[ISEA2017] Paper: Claudia Pederson — Imagined Geography, Interstitial Futures, Guatemex

Abstract 

Keywords: Architecture, Art, Border, Media Art, Utopia, Intervention, Mexico, Guatemala, Immigration, South.

This paper examines Guatemex (2006), an intervention at the border of Mexico and Guatemala by three Mexican artists, Rene Hayashi, Eder Castillo, and Antonio O’Connel. I discuss the project’s significance in relation to its conception as a concrete response to local needs, as it was designed to provide internet access and information to undocumented migrants crossing the interstitial space of Usumacinta River, the fluid border between Mexico and Guatemala. In this light, I also consider how Guatemex builds on, speaks to, and expand on notions about architecture, “border art”, “imagined geography”, utopian community, and “securitization”. The focus of discussion is on the project’s negotiation of these terms, and on its relevance as an intervention that suggests connecting and thinking with the margins as one of today’s most urgent projects.

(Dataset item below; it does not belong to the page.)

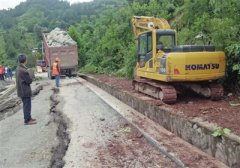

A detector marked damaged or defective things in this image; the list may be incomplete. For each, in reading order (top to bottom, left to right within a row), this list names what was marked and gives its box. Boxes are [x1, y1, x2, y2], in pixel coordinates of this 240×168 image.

landslide damage [80, 74, 240, 168]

  • Claudia Costa Pederson, School of Art and Design, Wichita State University, Wichita, Kansas, United States. Claudia holds a PhD in Art History and Visual Studies from Cornell University. Her research focuses on topics at the intersections of art, technology, and activism. Her essays appear in Review: Literature and Art of the Americas, Journal of Peer Production, Media-N,Afterimage, InterActive, Intelligent Agent, Eludamos, and ISEA, DAC, and CHI conference proceedings. Book chapters are included in The Philosophy of Documentary Film, Indie Reframed: Women Filmmakers and Contemporary American Cinema, and Cinema em Redes: Tecnologia, Estetica e Politica na Era Digital. Her chapter on robotic art and ecology in Mexico is included in the forthcoming anthology, Latin American Modernisms and Technology, Pederson is currently an assistant professor of Art and Technology at Wichita State University, and the Finger Lakes Environmental Film Festival Assistant Curator for New Media.